Of all the entries below, retype only the lines from the one with "inspired by smeglejj" through the one with "Land’s End hooded", exactly as they appear.
[Extracted data Boundary: Start]
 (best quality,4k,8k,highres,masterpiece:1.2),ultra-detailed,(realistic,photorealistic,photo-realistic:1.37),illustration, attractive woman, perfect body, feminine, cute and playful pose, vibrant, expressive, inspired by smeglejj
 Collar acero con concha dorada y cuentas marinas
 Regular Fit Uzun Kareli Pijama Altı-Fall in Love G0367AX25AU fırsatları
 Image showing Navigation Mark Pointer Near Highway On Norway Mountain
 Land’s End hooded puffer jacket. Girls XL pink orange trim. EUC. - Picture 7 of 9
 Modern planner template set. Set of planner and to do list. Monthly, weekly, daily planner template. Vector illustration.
[Extracted data Boundary: End]
[Extracted data Boundary: Start]
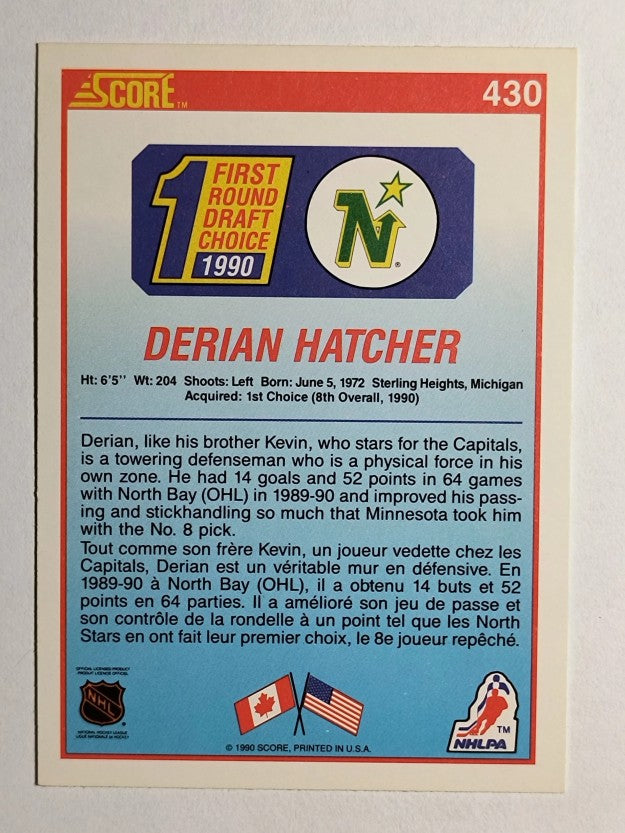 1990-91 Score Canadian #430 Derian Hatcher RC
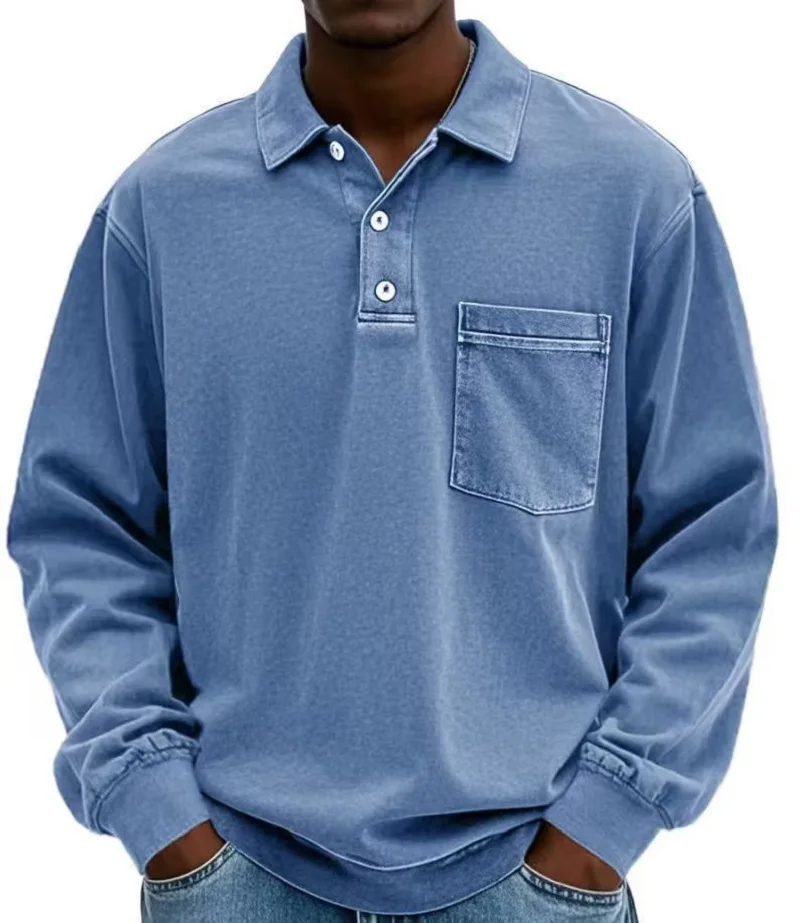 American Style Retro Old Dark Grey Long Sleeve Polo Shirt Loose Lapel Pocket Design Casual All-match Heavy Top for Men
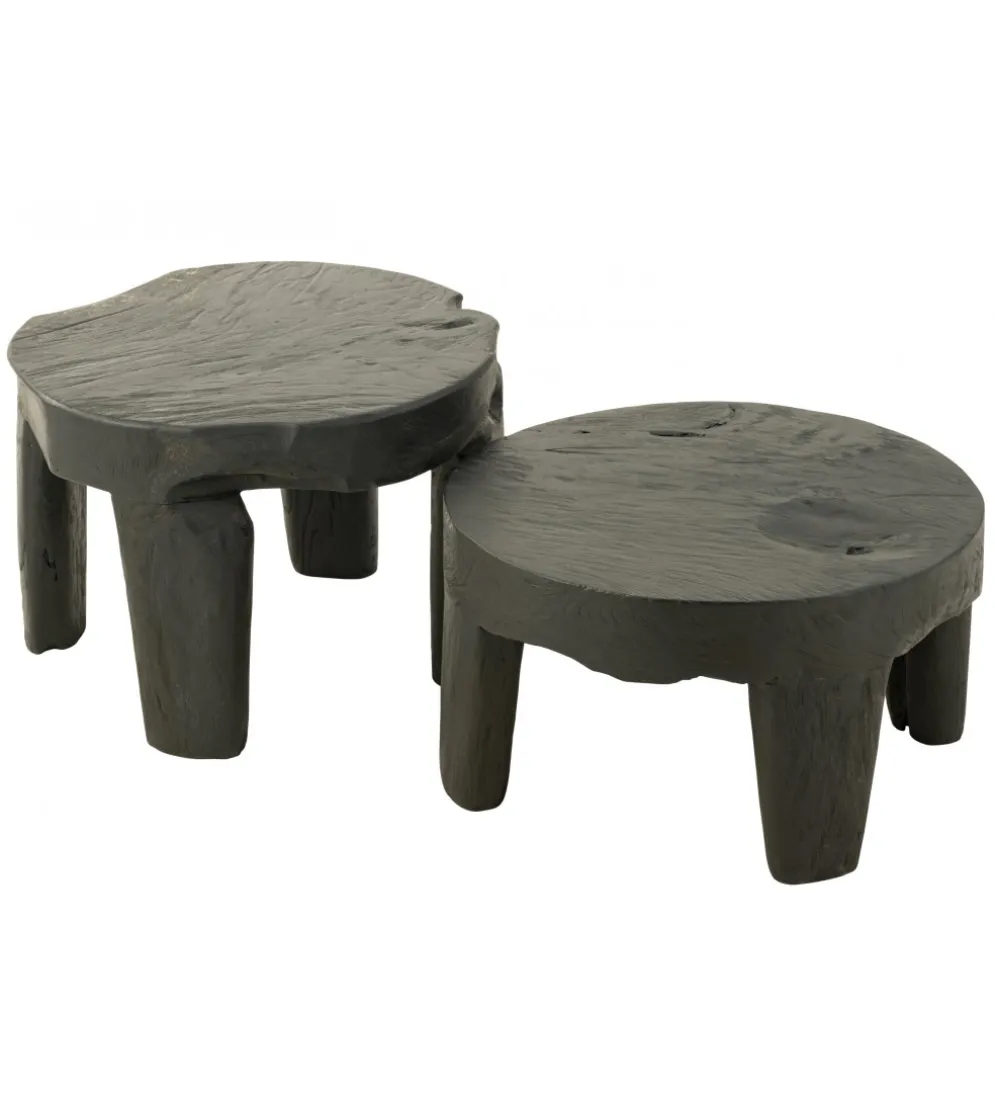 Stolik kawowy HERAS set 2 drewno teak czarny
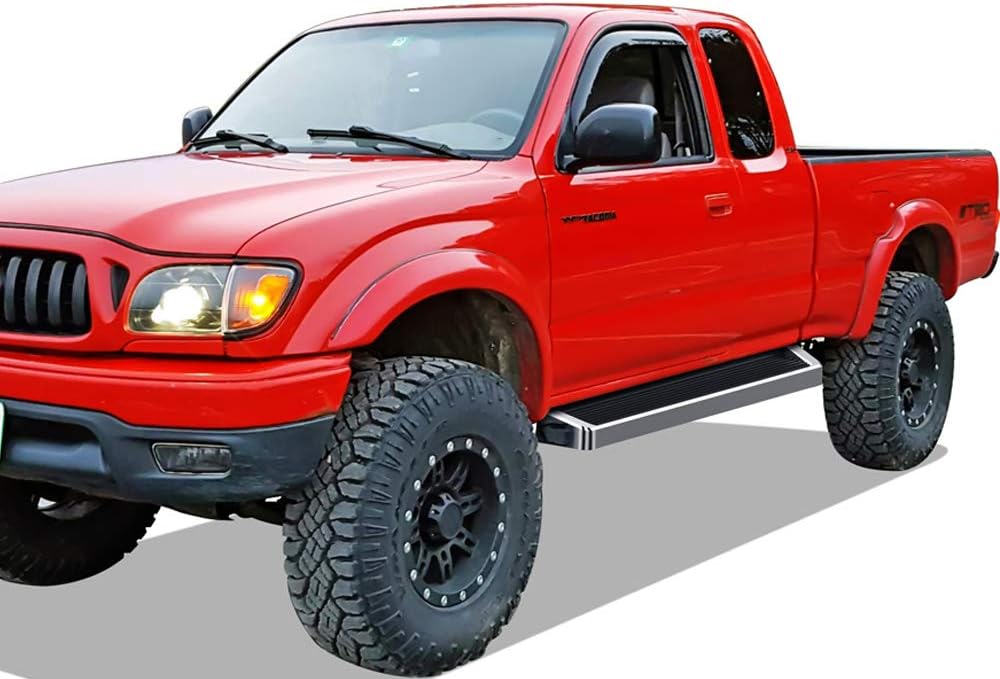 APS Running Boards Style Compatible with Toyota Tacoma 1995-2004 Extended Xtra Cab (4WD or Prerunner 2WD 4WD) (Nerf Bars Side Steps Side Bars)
[Extracted data Boundary: End]
[Extracted data Boundary: Start]
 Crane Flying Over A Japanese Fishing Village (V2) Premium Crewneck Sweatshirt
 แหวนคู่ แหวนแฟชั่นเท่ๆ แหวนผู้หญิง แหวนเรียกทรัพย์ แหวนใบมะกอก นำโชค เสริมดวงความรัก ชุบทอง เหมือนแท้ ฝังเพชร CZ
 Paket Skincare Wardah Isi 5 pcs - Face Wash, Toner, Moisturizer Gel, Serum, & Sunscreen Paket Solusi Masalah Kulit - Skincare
[Extracted data Boundary: End]
*Written answer:*
 (best quality,4k,8k,highres,masterpiece:1.2),ultra-detailed,(realistic,photorealistic,photo-realistic:1.37),illustration, attractive woman, perfect body, feminine, cute and playful pose, vibrant, expressive, inspired by smeglejj
 Collar acero con concha dorada y cuentas marinas
 Regular Fit Uzun Kareli Pijama Altı-Fall in Love G0367AX25AU fırsatları
 Image showing Navigation Mark Pointer Near Highway On Norway Mountain
 Land’s End hooded puffer jacket. Girls XL pink orange trim. EUC. - Picture 7 of 9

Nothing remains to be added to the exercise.